#### GIVEN MATERIAL:
[Start of Attachment]
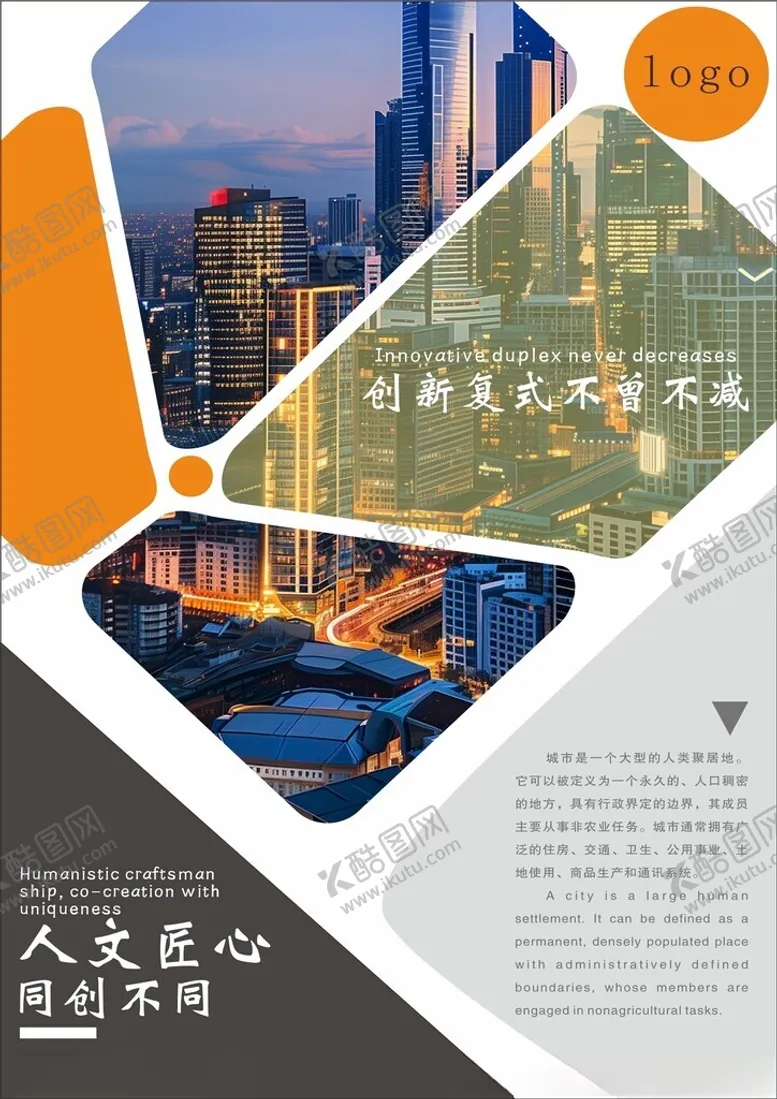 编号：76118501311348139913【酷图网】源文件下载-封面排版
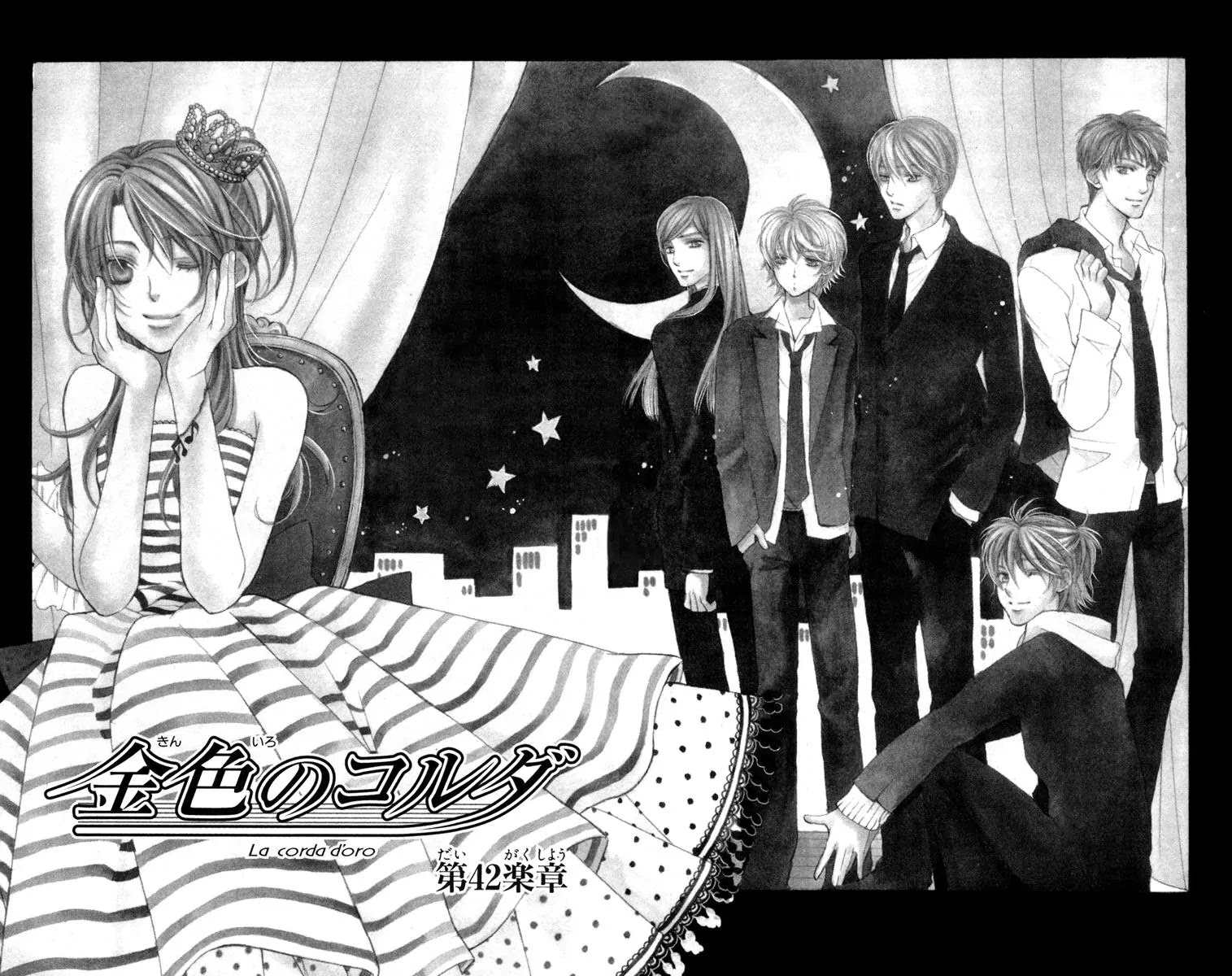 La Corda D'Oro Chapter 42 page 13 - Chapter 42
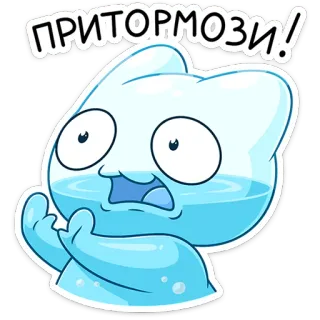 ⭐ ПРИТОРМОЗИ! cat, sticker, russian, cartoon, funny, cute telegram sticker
[End of Attachment]
Could you repeat the listing above exactly, omitting its pictures?

 编号：76118501311348139913【酷图网】源文件下载-封面排版
 La Corda D'Oro Chapter 42 page 13 - Chapter 42
 ⭐ ПРИТОРМОЗИ! cat, sticker, russian, cartoon, funny, cute telegram sticker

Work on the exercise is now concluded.